◆ TO DO ◆
Once the line containing "Lightens & Removes" is found, please copy it and all lines after it through the end of the records, exactly, leaving out pictures.

Brief descriptive captions
+ + +
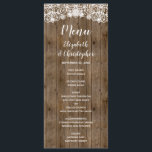Rustikale Hochzeit von Stallholz Menükarte<br><div class="desc">Dieses rustikale Hochzeitsmenü bietet einen Hintergrund aus Stallholz und eine weiße Spitze,  die über dem Wort "menu" in modernen weißen Kalligraphie-Stil-Skript ragt. Passen Sie die Erholung des Textes mit den Namen der Braut und Bräutigam,  Datum und Menü an. Die Rückseite weist ein passendes Holzmuster auf.</div>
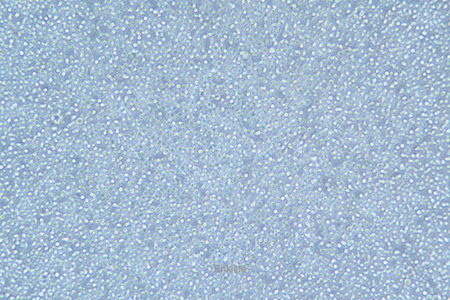 人急性髓性白血病细胞KG-1A(STR鉴定) | EnkiLife恩玑生命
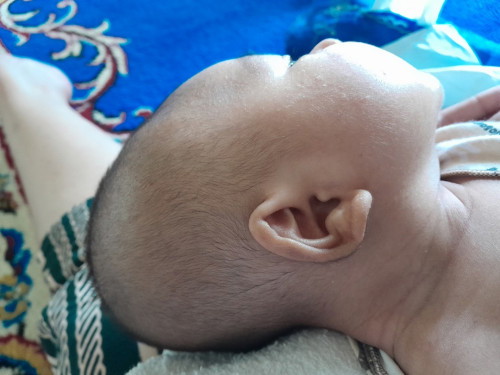 Kepala peyang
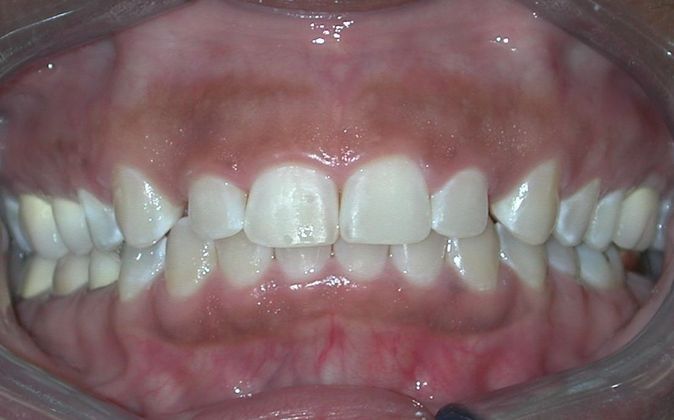 Gum Lift: Case 7 - Before
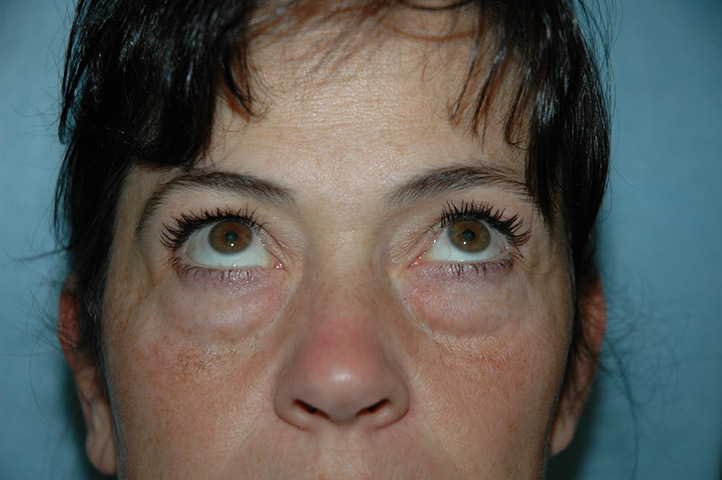 Blepharoplasty before photo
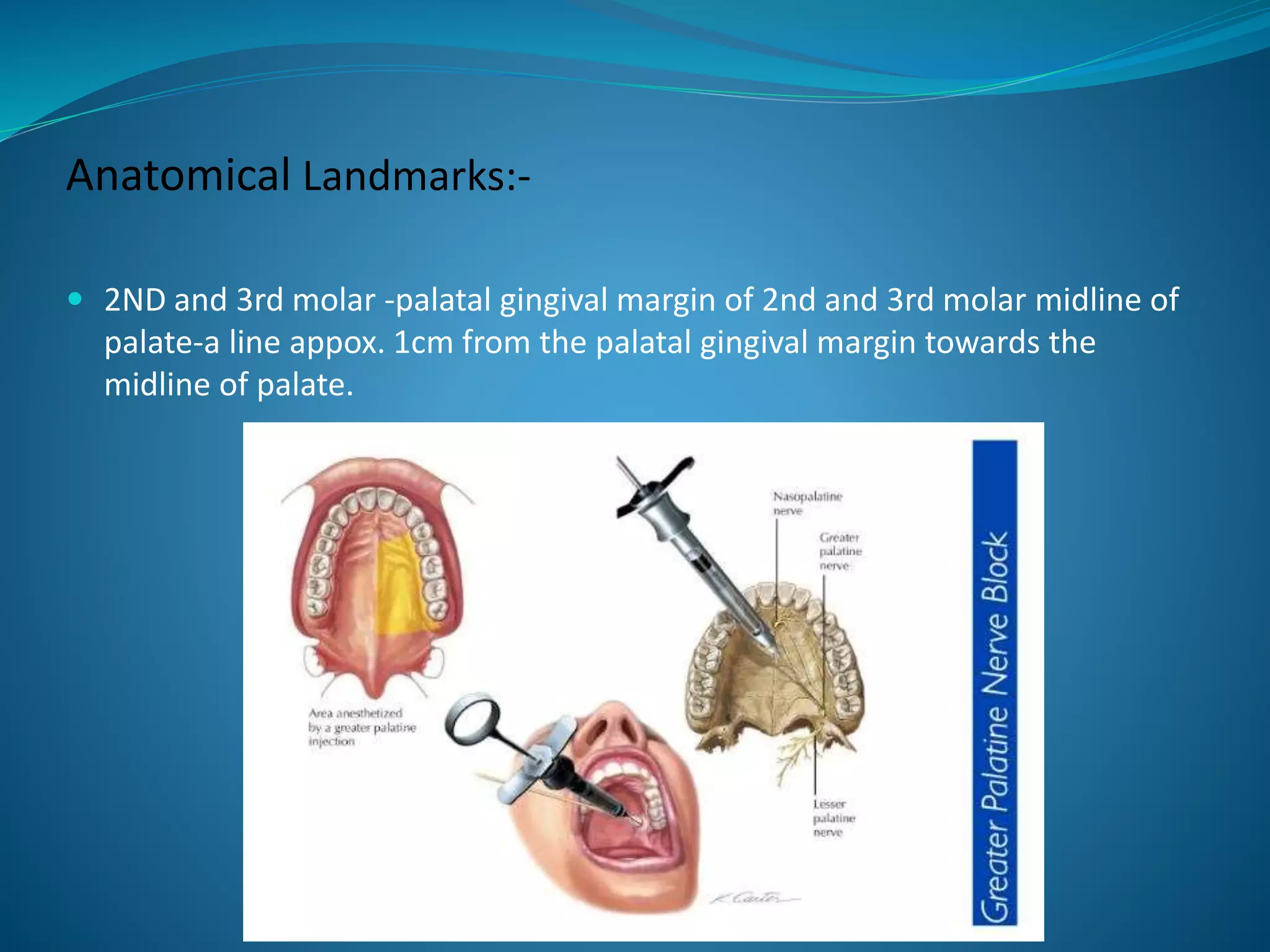 Anatomical Landmarks:-
 2ND and 3rd molar -palatal gingival margin of 2nd and 3rd molar midline of
palate-a line appox. 1cm from the palatal gingival margin towards the
midline of palate.
 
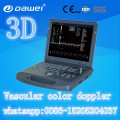 DW-C60 ultrasound echo laptop 3D machine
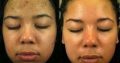 Lightens & Removes Mask of Pregnancy +27784024696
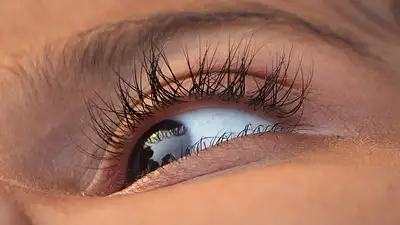 Cienie pod oczami – przyczyny i skuteczne domowe sposoby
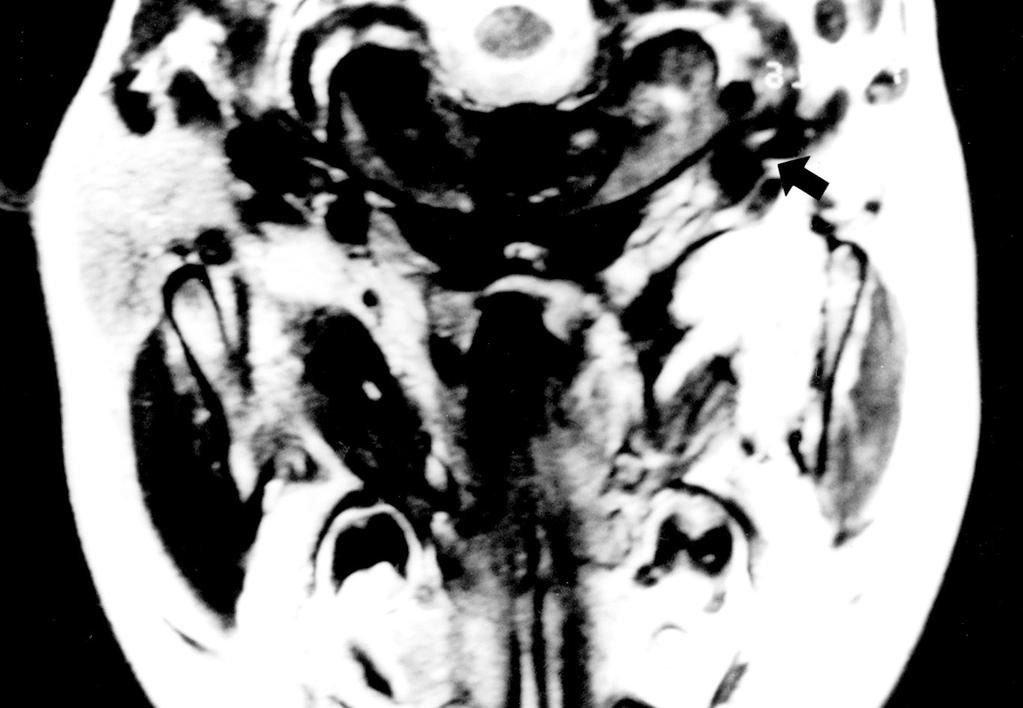 이 종물은 이후 점점 커지는 양상 약물요법(VAC)을 9주간 시행하였고 자기공명영상을 이용 을 보였으며 내원당시 비폐색을 호소하였다. 좌측 이하부의 한 추적 검사상에서(Fig. 5B) 종물이 크기가 5 cm 정도로 Fig. 4. Pathologic findings of embryonal rhabdomyosarcoma.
+ + +
◆ EXERCISE ANSWER ◆
 Lightens & Removes Mask of Pregnancy +27784024696
 Cienie pod oczami – przyczyny i skuteczne domowe sposoby
 이 종물은 이후 점점 커지는 양상 약물요법(VAC)을 9주간 시행하였고 자기공명영상을 이용 을 보였으며 내원당시 비폐색을 호소하였다. 좌측 이하부의 한 추적 검사상에서(Fig. 5B) 종물이 크기가 5 cm 정도로 Fig. 4. Pathologic findings of embryonal rhabdomyosarcoma.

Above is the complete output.